**Description of the task:** Please set down the data word for word; images do not go in the copy.

[Data excerpts]
..........

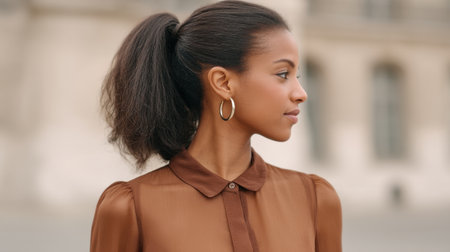 A stunning portrait of an elegant woman with a ponytail and brown blouse, captured in soft light. This image reflects natural beauty and urban sophistication, perfect for lifestyle themes.の素材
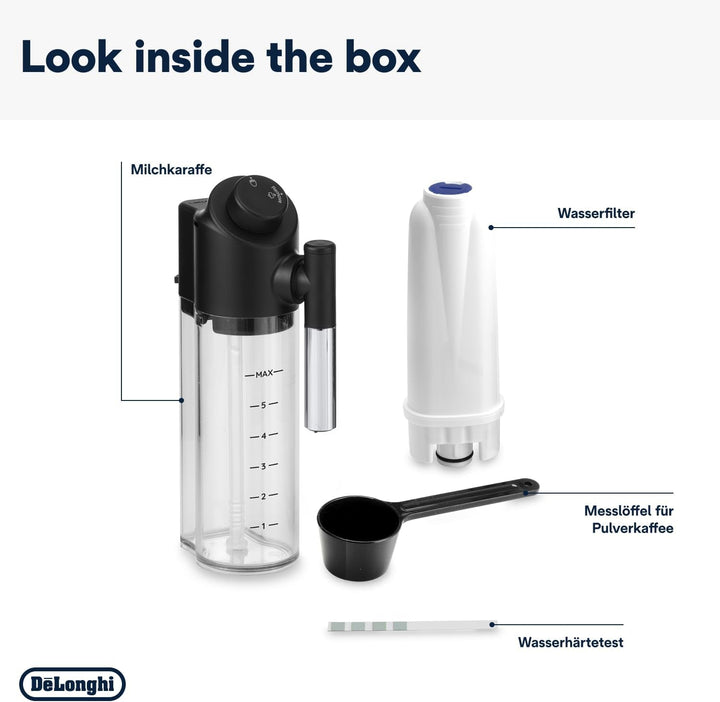 De'Longhi Magnifica Evo Next ECAM312.80.TB, aparat de cafea complet automat cu 13 băuturi (cappuccino, espresso, latte macchiato), ecran color TFT de 2,4'', sistem latte crema lapte, funcție 2 căni, titan
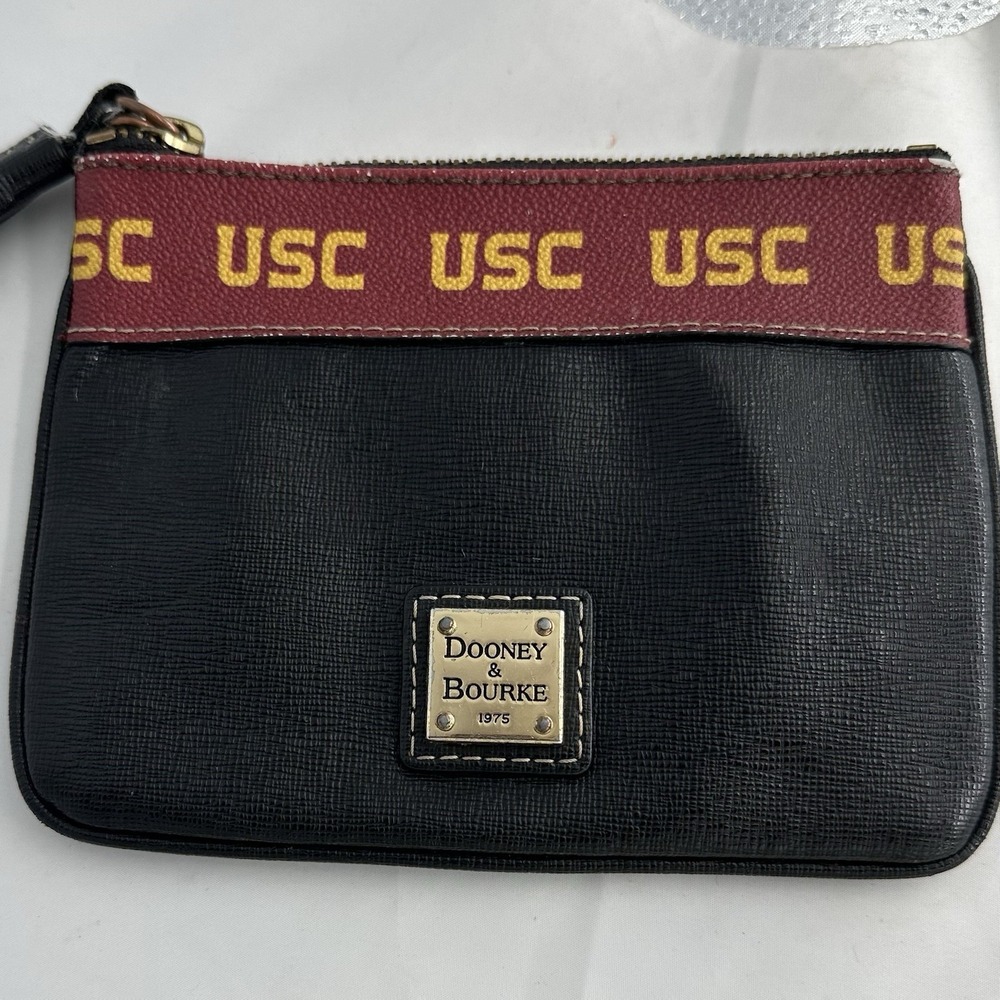 Dooney and Bourke USC Leather Small Coin Case Black Brown Leather Trim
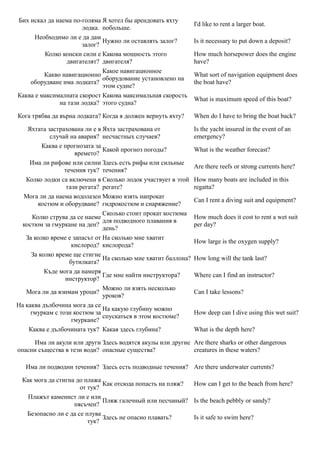 Бих искал да наема по-голяма Я хотел бы арендовать яхту
                                                                I'd like to rent a larger boat.
                      лодка. побольше.
      Необходимо ли е да дам
                             Нужно ли оставлять залог?          Is it necessary to put down a deposit?
                      залог?
         Колко конски сили е Какова мощность этого              How much horsepower does the engine
                двигателят? двигателя?                          have?
                             Какое навигационное
         Какво навигационно                                     What sort of navigation equipment does
                             оборудование установлено на
    оборудване има лодката?                                     the boat have?
                             этом судне?
Каква е максималната скорост Какова максимальная скорость
                                                                What is maximum speed of this boat?
              на тази лодка? этого судна?

Кога трябва да върна лодката? Когда я должен вернуть яхту?      When do I have to bring the boat back?

    Яхтата застрахована ли е в Яхта застрахована от             Is the yacht insured in the event of an
            случай на авария? несчастных случаев?               emergency?
         Каква е прогнозата за
                               Какой прогноз погоды?            What is the weather forecast?
                     времето?
    Има ли рифове или силни Здесь есть рифы или сильные
                                                                Are there reefs or strong currents here?
                 течения тук? течения?
   Колко лодки са включени в Сколько лодок участвует в этой     How many boats are included in this
                  тази регата? регате?                          regatta?
  Мога ли да наема водолазен Можно взять напрокат
                                                                Can I rent a diving suit and equipment?
        костюм и оборудване? гидрокостюм и снаряжение?
                               Сколько стоит прокат костюма
      Колко струва да се наеме                                  How much does it cost to rent a wet suit
                               для подводного плавания в
  костюм за гмуркане на ден?                                    per day?
                               день?
   За колко време е запасът от На сколько мне хватит
                                                                How large is the oxygen supply?
                    кислород? кислорода?
     За колко време ще стигне
                               На сколько мне хватит баллона?   How long will the tank last?
                   бутилката?
          Къде мога да намеря
                               Где мне найти инструктора?       Where can I find an instructor?
                 инструктор?
                               Можно ли взять несколько
   Мога ли да взимам уроци?                                     Can I take lessons?
                               уроков?
На каква дълбочина мога да се
                               На какую глубину можно
     гмуркам с този костюм за                                   How deep can I dive using this wet suit?
                               спускаться в этом костюме?
                    гмуркане?
    Каква е дълбочината тук? Какая здесь глубина?               What is the depth here?

     Има ли акули или други Здесь водятся акулы или другие Are there sharks or other dangerous
опасни същества в тези води? опасные существа?             creatures in these waters?

   Има ли подводни течения? Здесь есть подводные течения? Are there underwater currents?

 Как мога да стигна до плажа
                             Как отсюда попасть на пляж? How can I get to the beach from here?
                     от тук?
   Плажът каменист ли е или
                             Пляж галечный или песчаный? Is the beach pebbly or sandy?
                   пясъчен?
  Безопасно ли е да се плува
                             Здесь не опасно плавать?    Is it safe to swim here?
                        тук?
 
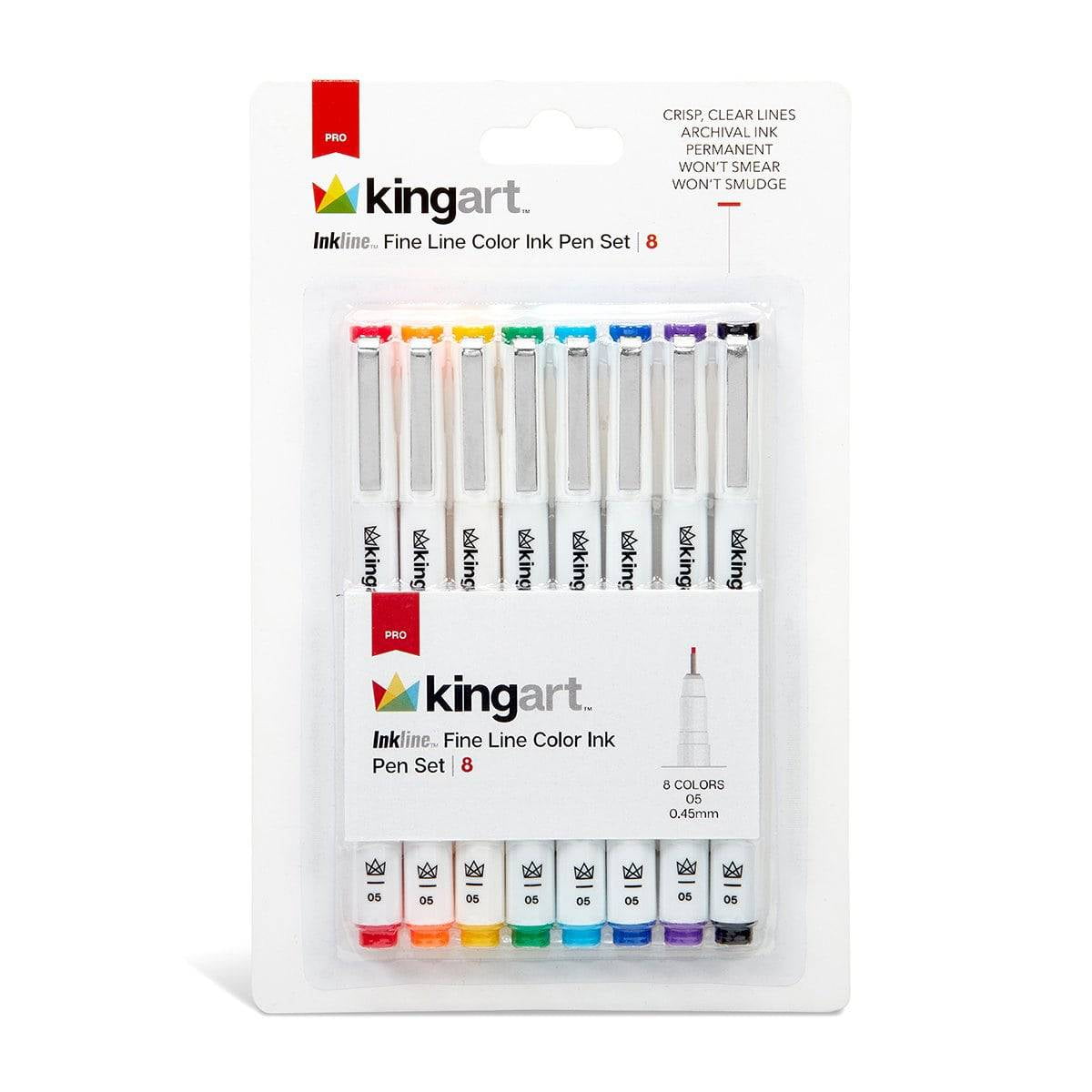Archival KINGART Size Pens, Fine & of 05 Graphic Inkline Colors, Art Japanese Ink, Line 8 Nib Set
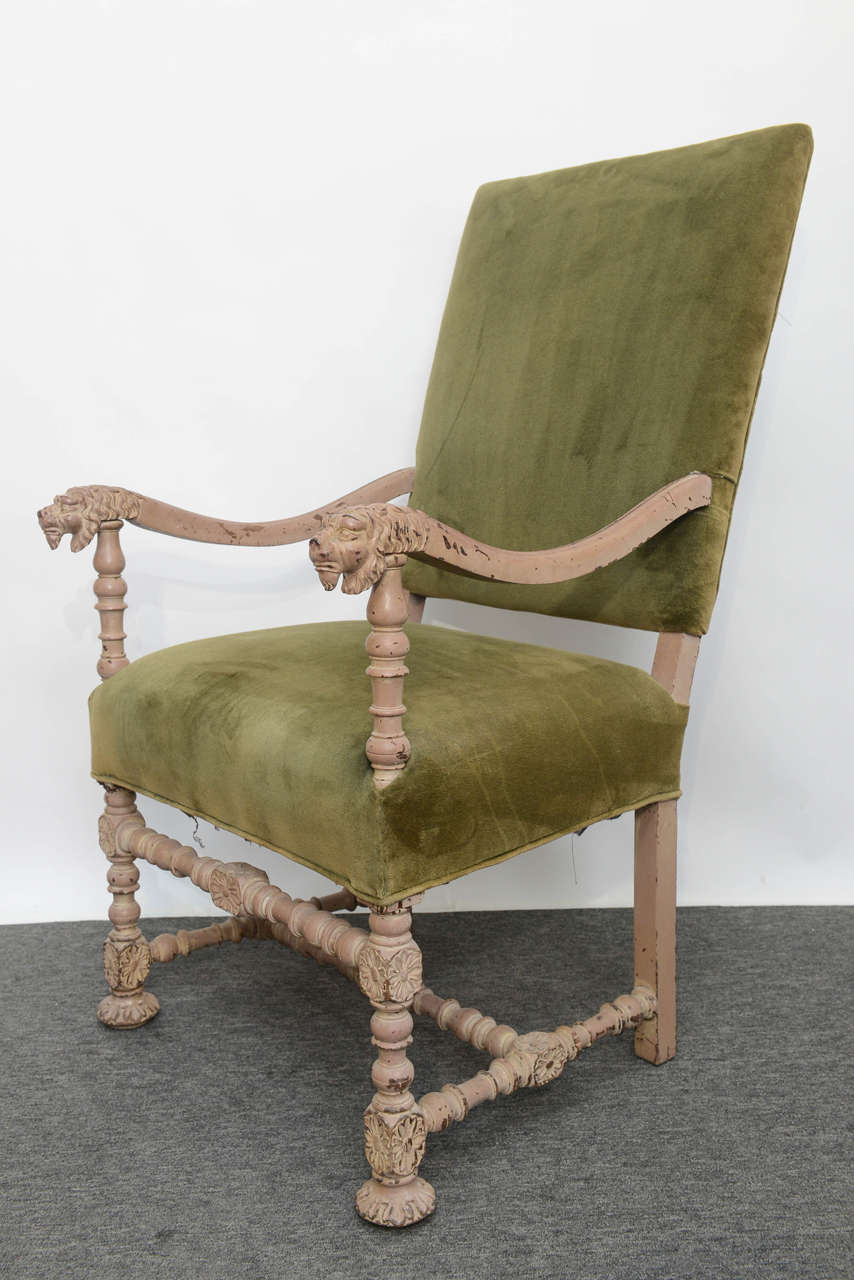 Wood 19th Century French Louis XIII Style Armchair
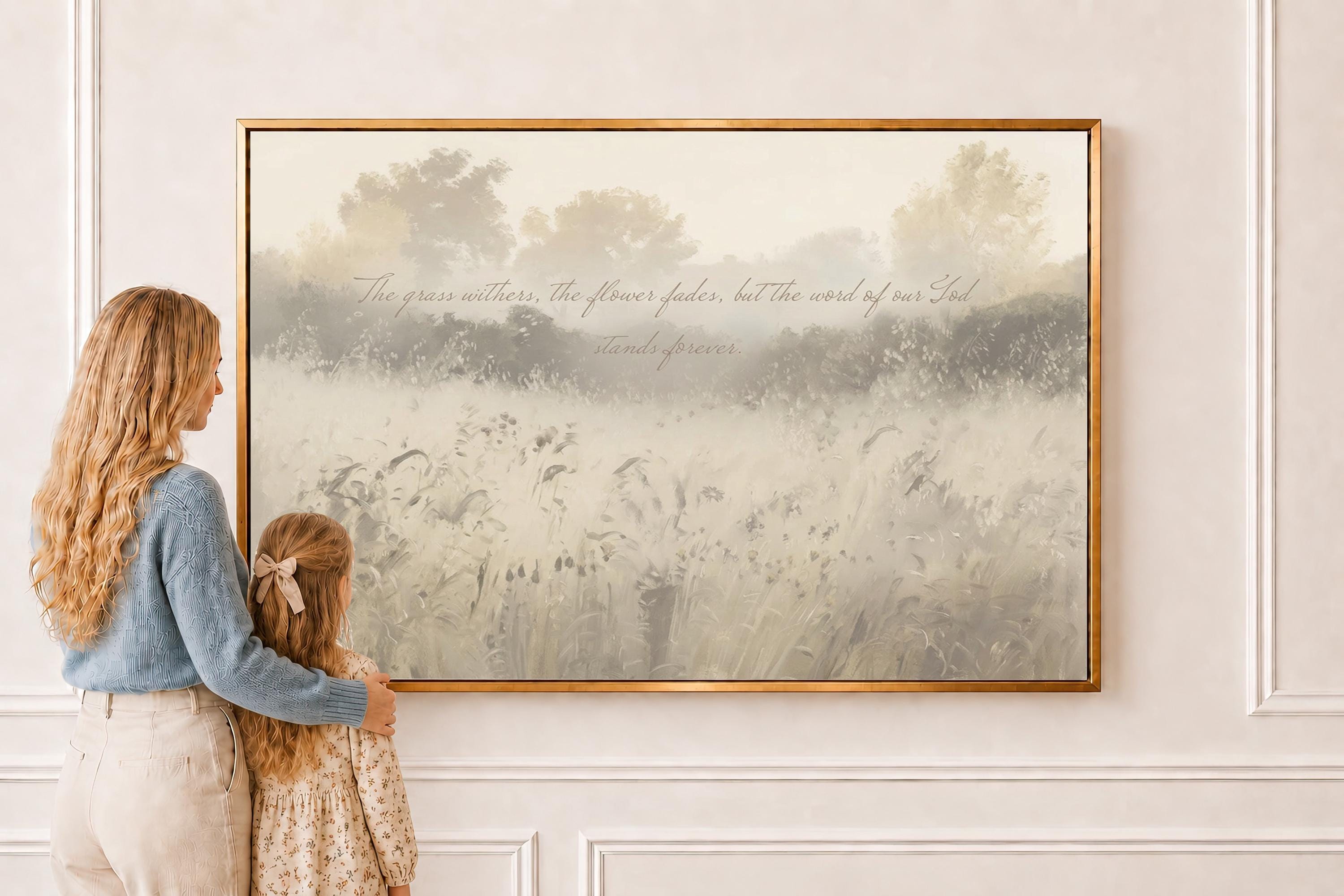 Isaiah 40:8 Canvas | Muted Meadow Christian Decor | Neutral Christian Wall Art | Faith Gift | T0010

..........

**Task answer:**
 A stunning portrait of an elegant woman with a ponytail and brown blouse, captured in soft light. This image reflects natural beauty and urban sophistication, perfect for lifestyle themes.の素材
 De'Longhi Magnifica Evo Next ECAM312.80.TB, aparat de cafea complet automat cu 13 băuturi (cappuccino, espresso, latte macchiato), ecran color TFT de 2,4'', sistem latte crema lapte, funcție 2 căni, titan
 Dooney and Bourke USC Leather Small Coin Case Black Brown Leather Trim
 Бих искал да наема по-голяма Я хотел бы арендовать яхту
                                                                I'd like to rent a larger boat.
                      лодка. побольше.
      Необходимо ли е да дам
                             Нужно ли оставлять залог?          Is it necessary to put down a deposit?
                      залог?
         Колко конски сили е Какова мощность этого              How much horsepower does the engine
                двигателят? двигателя?                          have?
                             Какое навигационное
         Какво навигационно                                     What sort of navigation equipment does
                             оборудование установлено на
    оборудване има лодката?                                     the boat have?
                             этом судне?
Каква е максималната скорост Какова максимальная скорость
                                                                What is maximum speed of this boat?
              на тази лодка? этого судна?

Кога трябва да върна лодката? Когда я должен вернуть яхту?      When do I have to bring the boat back?

    Яхтата застрахована ли е в Яхта застрахована от             Is the yacht insured in the event of an
            случай на авария? несчастных случаев?               emergency?
         Каква е прогнозата за
                               Какой прогноз погоды?            What is the weather forecast?
                     времето?
    Има ли рифове или силни Здесь есть рифы или сильные
                                                                Are there reefs or strong currents here?
                 течения тук? течения?
   Колко лодки са включени в Сколько лодок участвует в этой     How many boats are included in this
                  тази регата? регате?                          regatta?
  Мога ли да наема водолазен Можно взять напрокат
                                                                Can I rent a diving suit and equipment?
        костюм и оборудване? гидрокостюм и снаряжение?
                               Сколько стоит прокат костюма
      Колко струва да се наеме                                  How much does it cost to rent a wet suit
                               для подводного плавания в
  костюм за гмуркане на ден?                                    per day?
                               день?
   За колко време е запасът от На сколько мне хватит
                                                                How large is the oxygen supply?
                    кислород? кислорода?
     За колко време ще стигне
                               На сколько мне хватит баллона?   How long will the tank last?
                   бутилката?
          Къде мога да намеря
                               Где мне найти инструктора?       Where can I find an instructor?
                 инструктор?
                               Можно ли взять несколько
   Мога ли да взимам уроци?                                     Can I take lessons?
                               уроков?
На каква дълбочина мога да се
                               На какую глубину можно
     гмуркам с този костюм за                                   How deep can I dive using this wet suit?
                               спускаться в этом костюме?
                    гмуркане?
    Каква е дълбочината тук? Какая здесь глубина?               What is the depth here?

     Има ли акули или други Здесь водятся акулы или другие Are there sharks or other dangerous
опасни същества в тези води? опасные существа?             creatures in these waters?

   Има ли подводни течения? Здесь есть подводные течения? Are there underwater currents?

 Как мога да стигна до плажа
                             Как отсюда попасть на пляж? How can I get to the beach from here?
                     от тук?
   Плажът каменист ли е или
                             Пляж галечный или песчаный? Is the beach pebbly or sandy?
                   пясъчен?
  Безопасно ли е да се плува
                             Здесь не опасно плавать?    Is it safe to swim here?
                        тук?
 
Archival KINGART Size Pens, Fine & of 05 Graphic Inkline Colors, Art Japanese Ink, Line 8 Nib Set
 Wood 19th Century French Louis XIII Style Armchair
 Isaiah 40:8 Canvas | Muted Meadow Christian Decor | Neutral Christian Wall Art | Faith Gift | T0010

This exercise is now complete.